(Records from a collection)
___

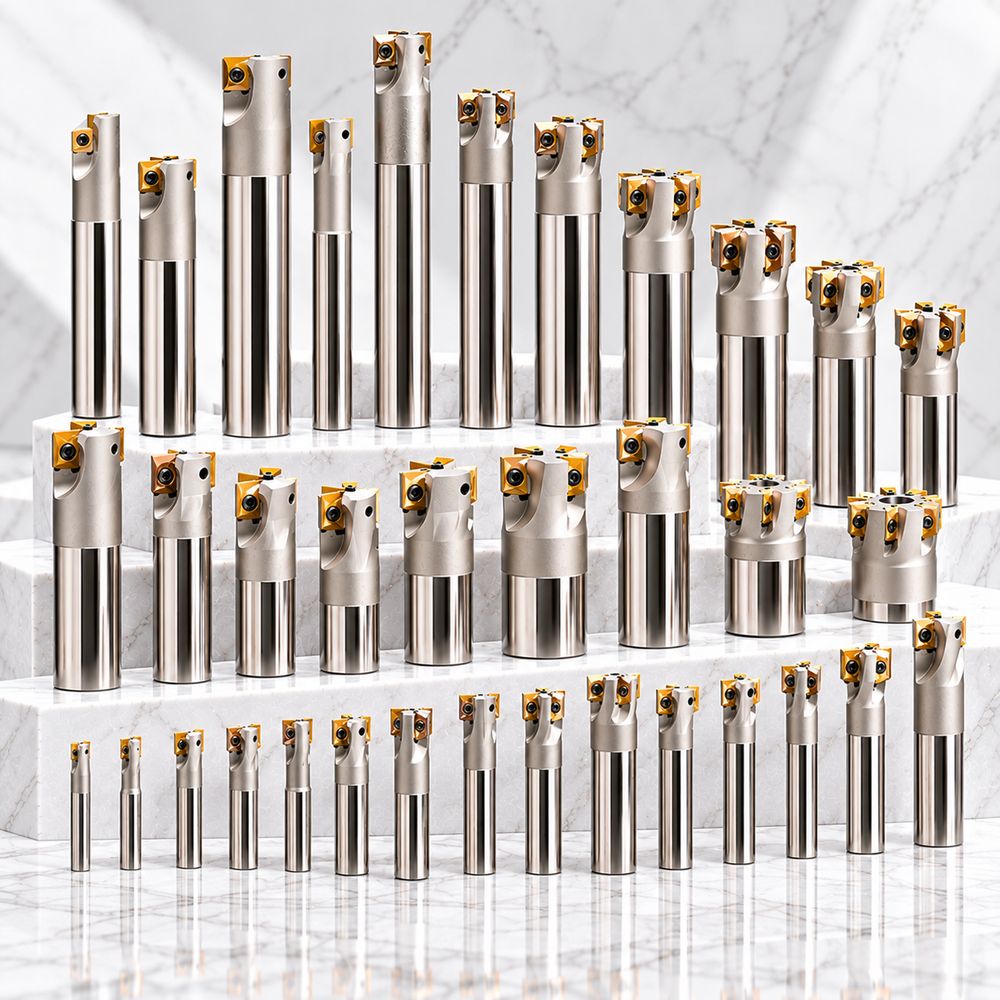Indexable Endmills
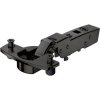 HETTICH SENSYS 8631i FLASH TH 58 pol.naložený závěs pro dveře tl. ÖW 95° černý
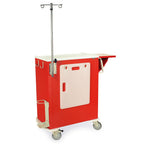 Harloff M-Series Cart - Standard Width Tall Cabinet with 30" of Vertical Drawer Space – MDS3030B06-EMG1Q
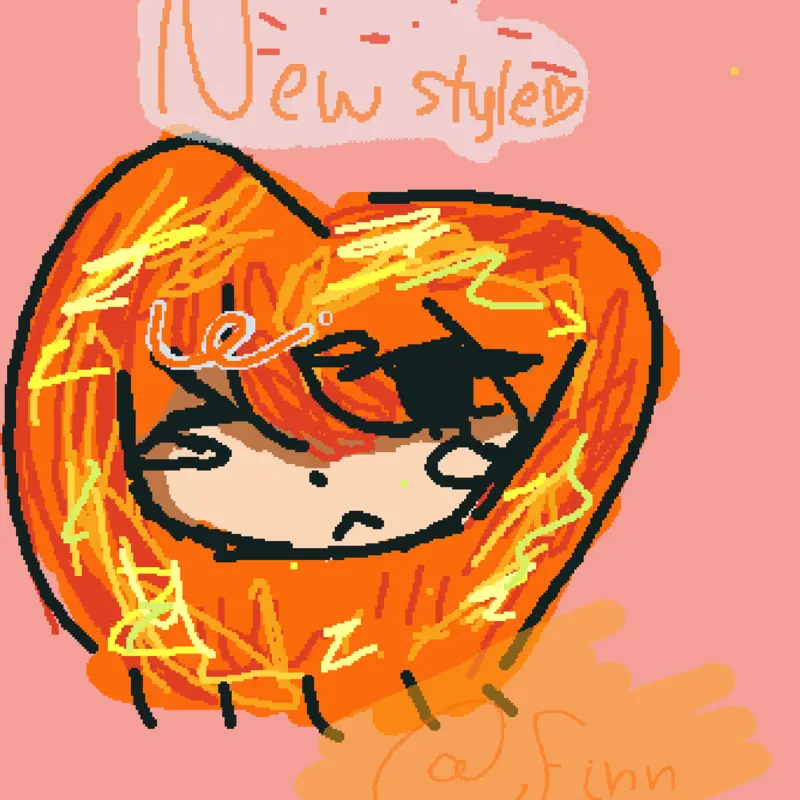 New style= ^ ^ = by @Einn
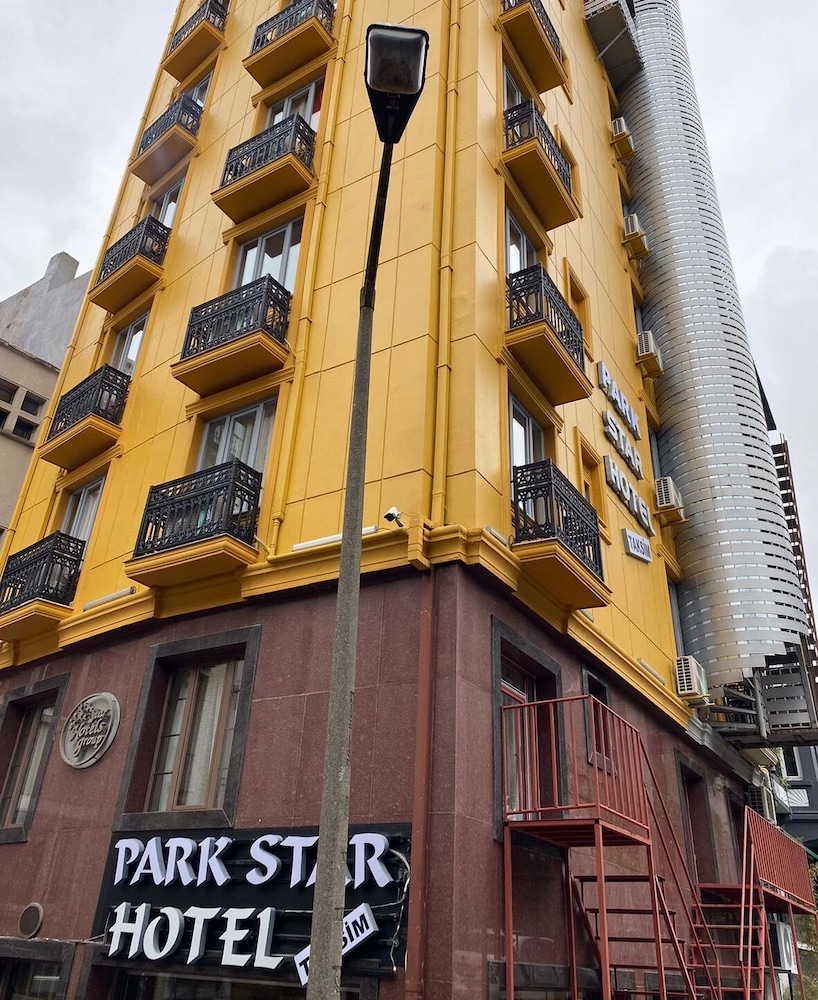 Star Hotel Taksim 4/61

___

Exactly as they stand, the entries must be written out again, pictures excluded.

▶ _REPLY TO THE EXERCISE_:
Indexable Endmills
 HETTICH SENSYS 8631i FLASH TH 58 pol.naložený závěs pro dveře tl. ÖW 95° černý
 Harloff M-Series Cart - Standard Width Tall Cabinet with 30" of Vertical Drawer Space – MDS3030B06-EMG1Q
 New style= ^ ^ = by @Einn
 Star Hotel Taksim 4/61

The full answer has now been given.